The expected output is each line from the one containing "10470 Shadybrook Dr, Boise, Idaho" to the last line of the data below, set down exactly, minus the pictures.

*** Block opens ***

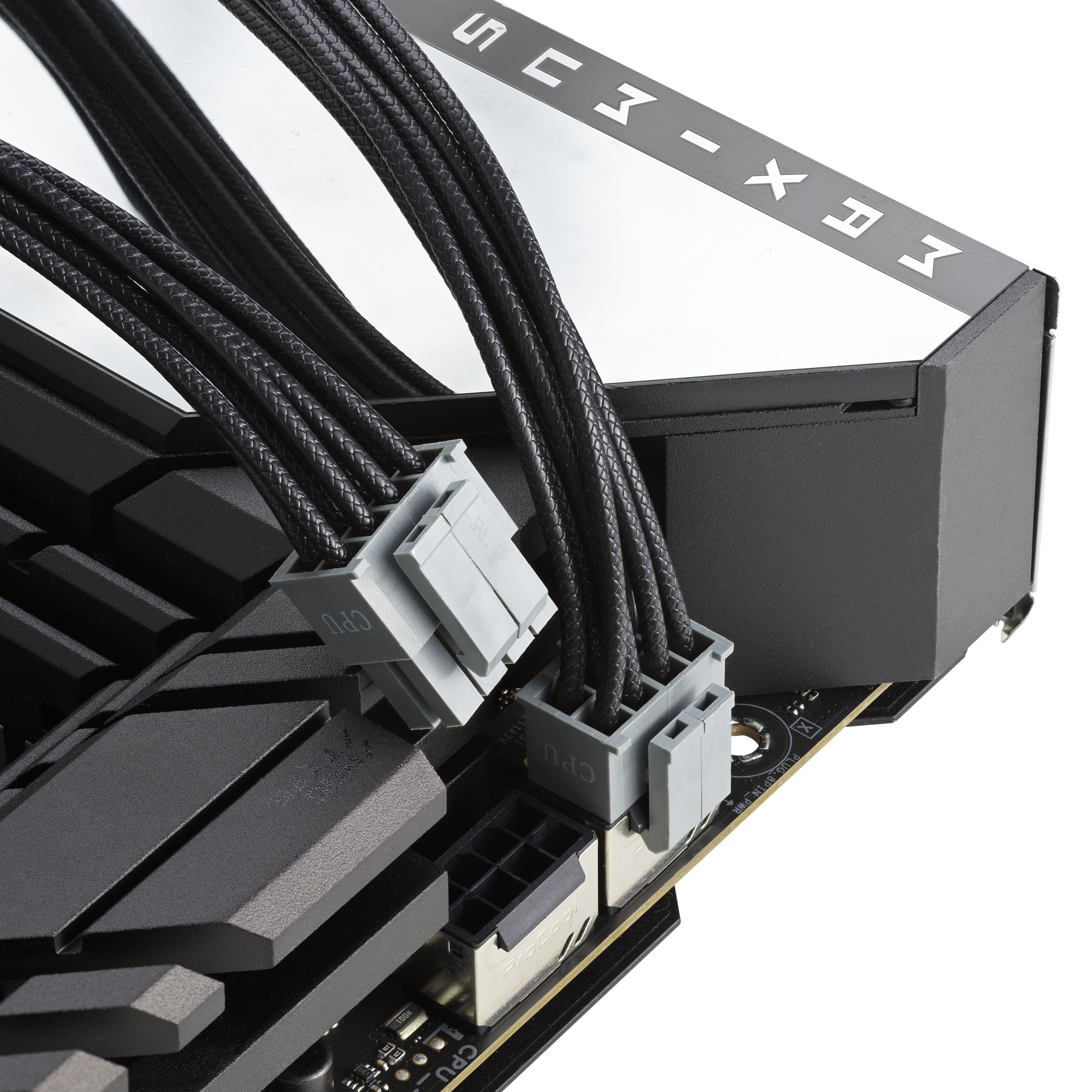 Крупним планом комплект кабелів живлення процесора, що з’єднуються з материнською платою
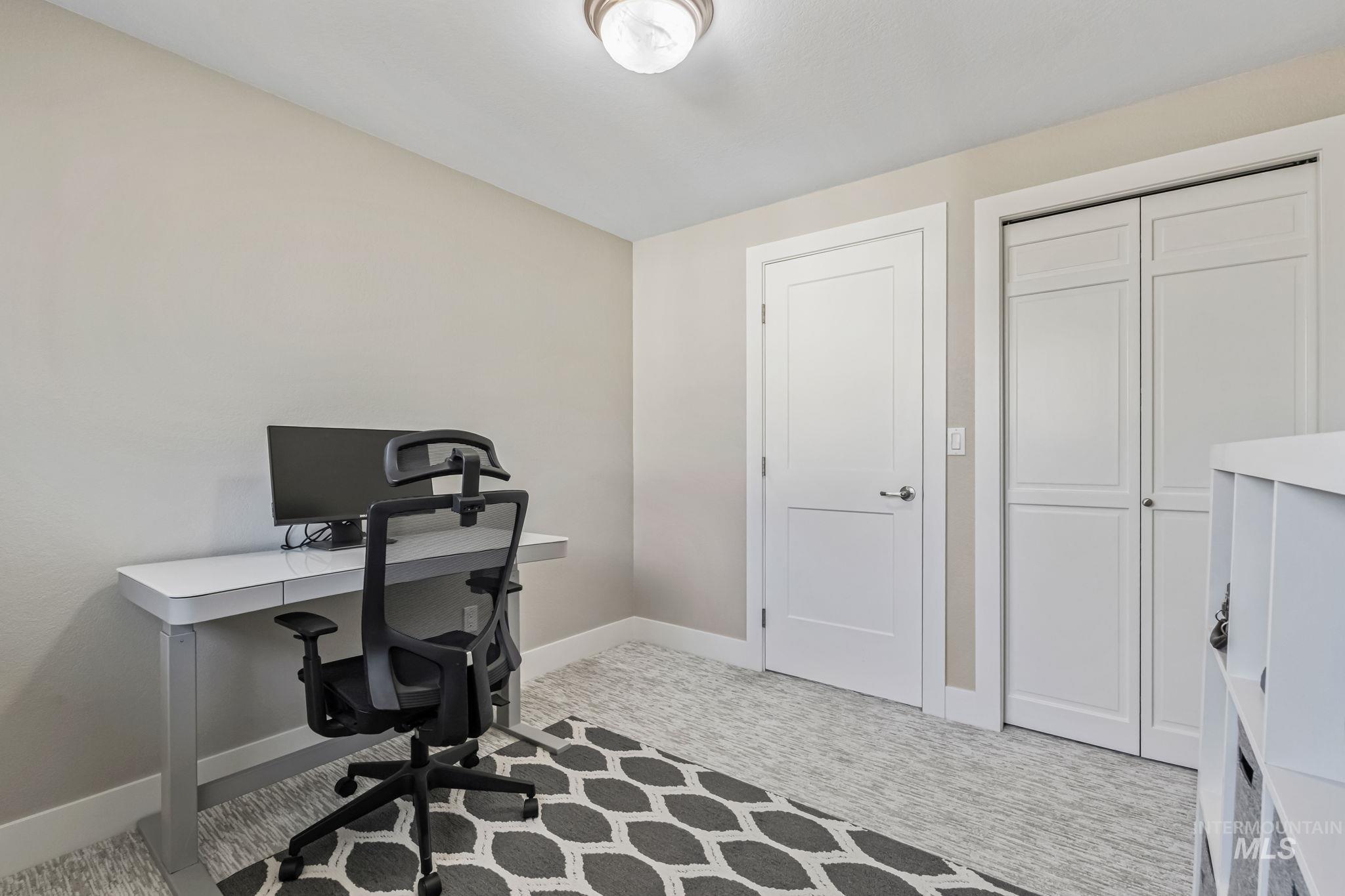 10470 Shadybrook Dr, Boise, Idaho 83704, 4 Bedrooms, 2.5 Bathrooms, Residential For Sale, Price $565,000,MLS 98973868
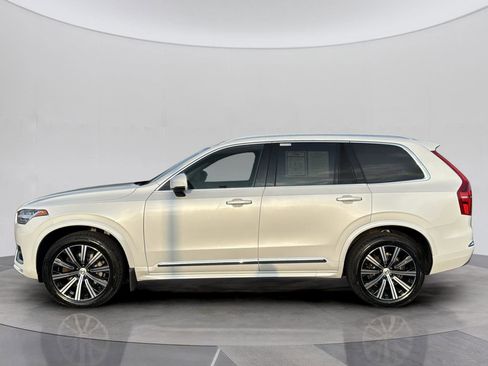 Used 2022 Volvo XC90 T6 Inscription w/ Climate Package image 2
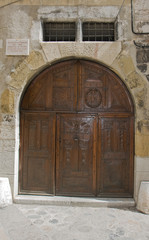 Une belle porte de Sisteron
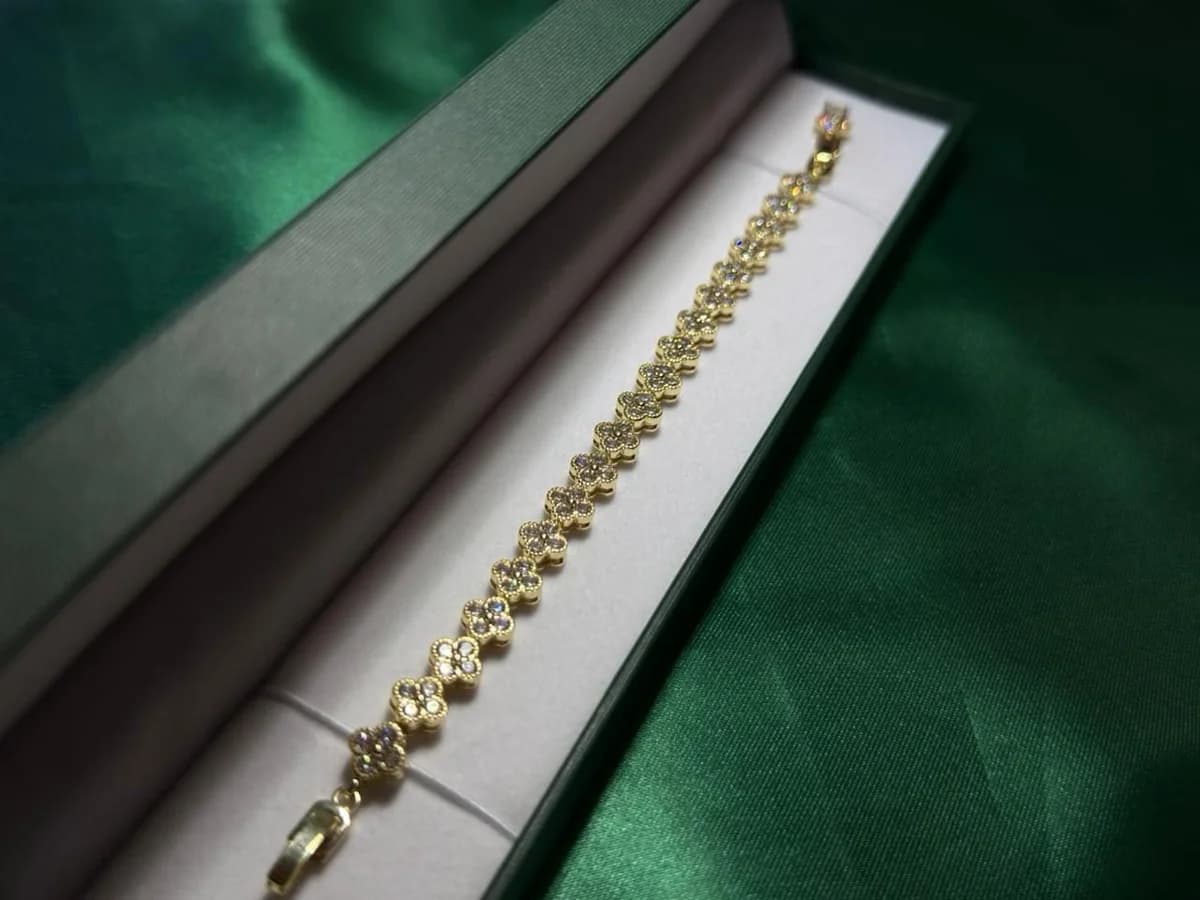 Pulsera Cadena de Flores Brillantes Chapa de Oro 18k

*** Block closes ***

_WRITTEN SOLUTION_:
 10470 Shadybrook Dr, Boise, Idaho 83704, 4 Bedrooms, 2.5 Bathrooms, Residential For Sale, Price $565,000,MLS 98973868
 Used 2022 Volvo XC90 T6 Inscription w/ Climate Package image 2
 Une belle porte de Sisteron
 Pulsera Cadena de Flores Brillantes Chapa de Oro 18k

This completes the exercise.